**Goal of the exercise**
What is needed is a word-for-word copy of the listing below, without pictures.

**Source material**
----
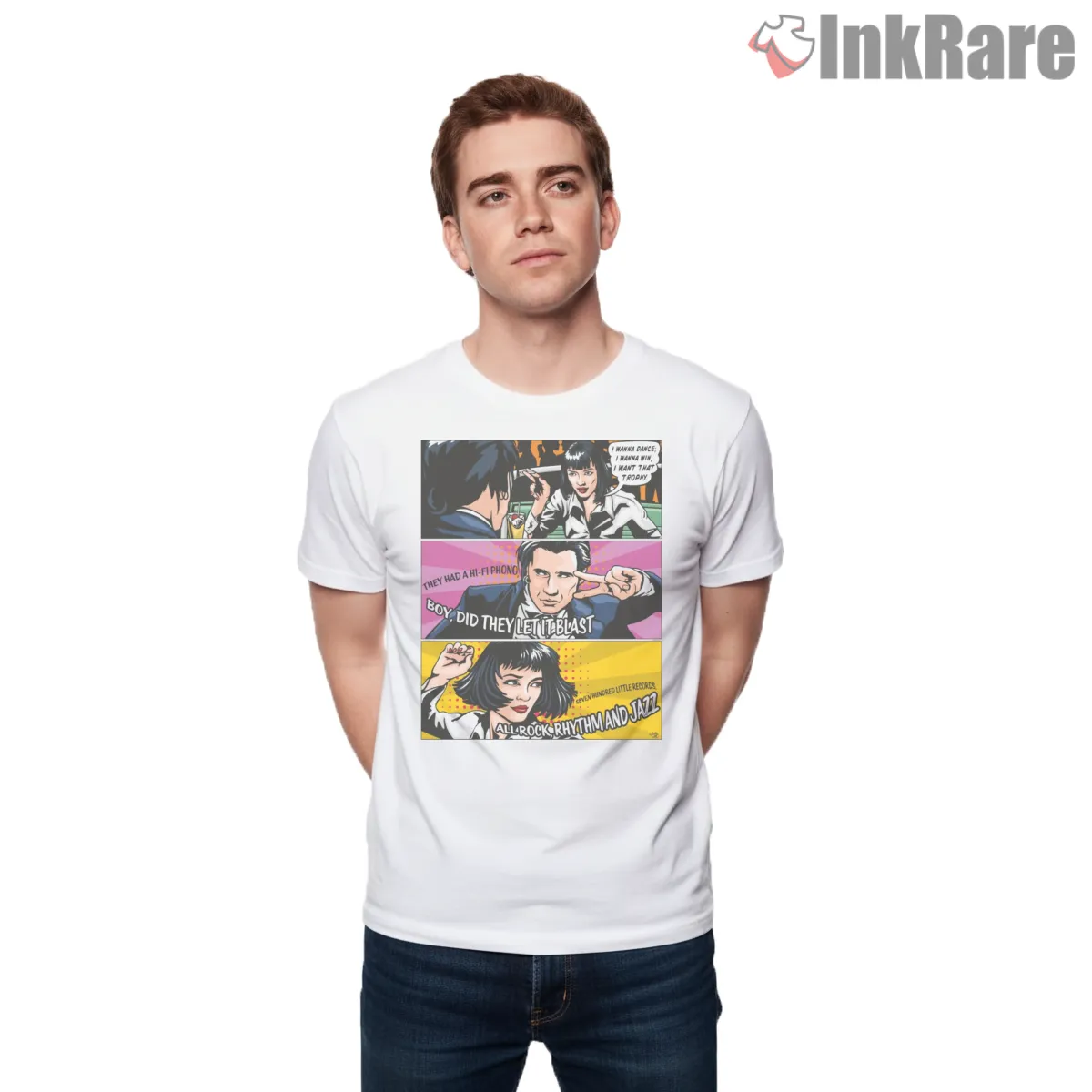 Pulp Fiction Twist Contest Comic Shirt on white short sleeve shirt for men graphic tee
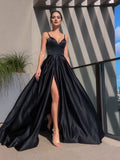 Black A-Line Deep V-Neck Spaghetti Straps Back Zip Ruffles Floor-Length High Slit Prom Dresses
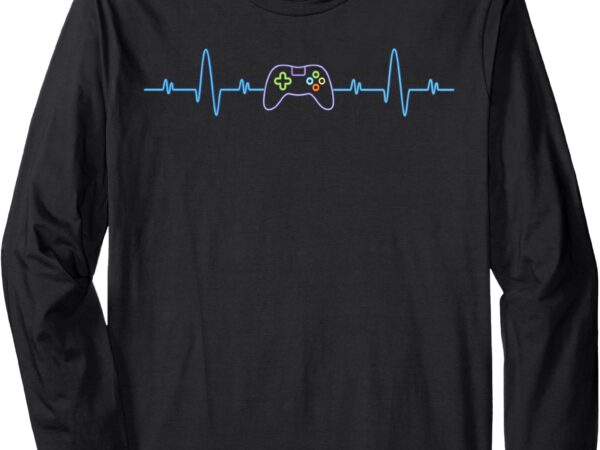 Funny video gamer heartbeat gaming geek boys cool gift long sleeve t-shirt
----
**Answer to the exercise**
 Pulp Fiction Twist Contest Comic Shirt on white short sleeve shirt for men graphic tee
 Black A-Line Deep V-Neck Spaghetti Straps Back Zip Ruffles Floor-Length High Slit Prom Dresses
 Funny video gamer heartbeat gaming geek boys cool gift long sleeve t-shirt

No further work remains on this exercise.